── Given material
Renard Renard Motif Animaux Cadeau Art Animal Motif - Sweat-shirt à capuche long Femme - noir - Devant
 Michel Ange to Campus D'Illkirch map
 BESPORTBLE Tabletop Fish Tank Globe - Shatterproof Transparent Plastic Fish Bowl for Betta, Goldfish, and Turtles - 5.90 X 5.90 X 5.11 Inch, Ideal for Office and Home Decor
────
• The task
Each line of the data must be retyped exactly.

• Answer to this problem
Renard Renard Motif Animaux Cadeau Art Animal Motif - Sweat-shirt à capuche long Femme - noir - Devant
 Michel Ange to Campus D'Illkirch map
 BESPORTBLE Tabletop Fish Tank Globe - Shatterproof Transparent Plastic Fish Bowl for Betta, Goldfish, and Turtles - 5.90 X 5.90 X 5.11 Inch, Ideal for Office and Home Decor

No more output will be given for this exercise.